Bored in Senior Design class...time to poop (and blog!)

As I listen to Prof. Morty's Isaacsons drone on about shafts and balls and the like, I can't help but not listen. In the meantime, I'm looking up cool ideas for the Angels in America set, and, of course, pooping. Pooping is a great part of the day because it's some of the only real alone time I get (now shared with you readers). And, I don't have to feel like I'm being unproductive, because trust me, I ain't.

Anyway, back to boringness, smell ya later! See what I did there?

Sunday, February 7, 2010

Just pooped...

Just pooped in the Men's bathroom at 1193.


And I maintain, that is the best bathroom BECAUSE of the key placement and height of the sink.

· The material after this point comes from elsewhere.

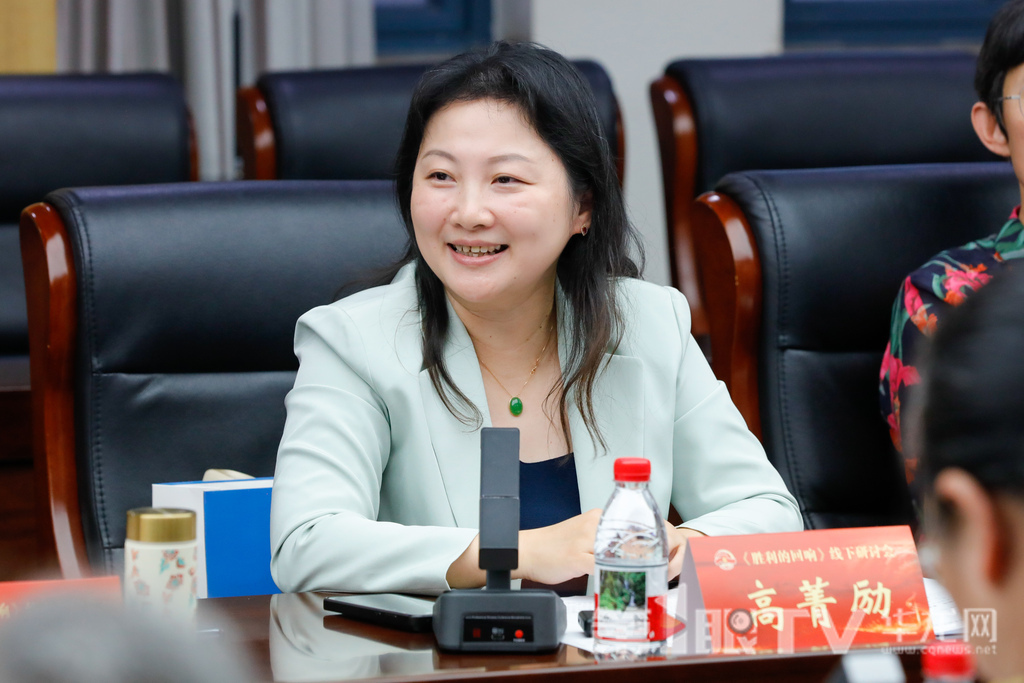 MILE米乐集团音乐学院党委书记高菁励。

Just so I can rest my head... while pooping



-JUR

The first of many...

Welcome! After I had this brilliant revelation last night to create this blog in leiu of Texts While Pooping, I've been thinking a lot about how I want to start my first entry. I could just pleasure you all with my poop comments (oh yes I'm looking at you guys, the ones that get grossed out by my openness with poop, but let's face it, everyone's shit stinks). But I'm not. I just think a lot when I'm feeding the porcelain gods, usually something ridiculous but today, on Super Bowl Sunday, I leave you with this comment:

Haven't you heard that the bird is the word?!?!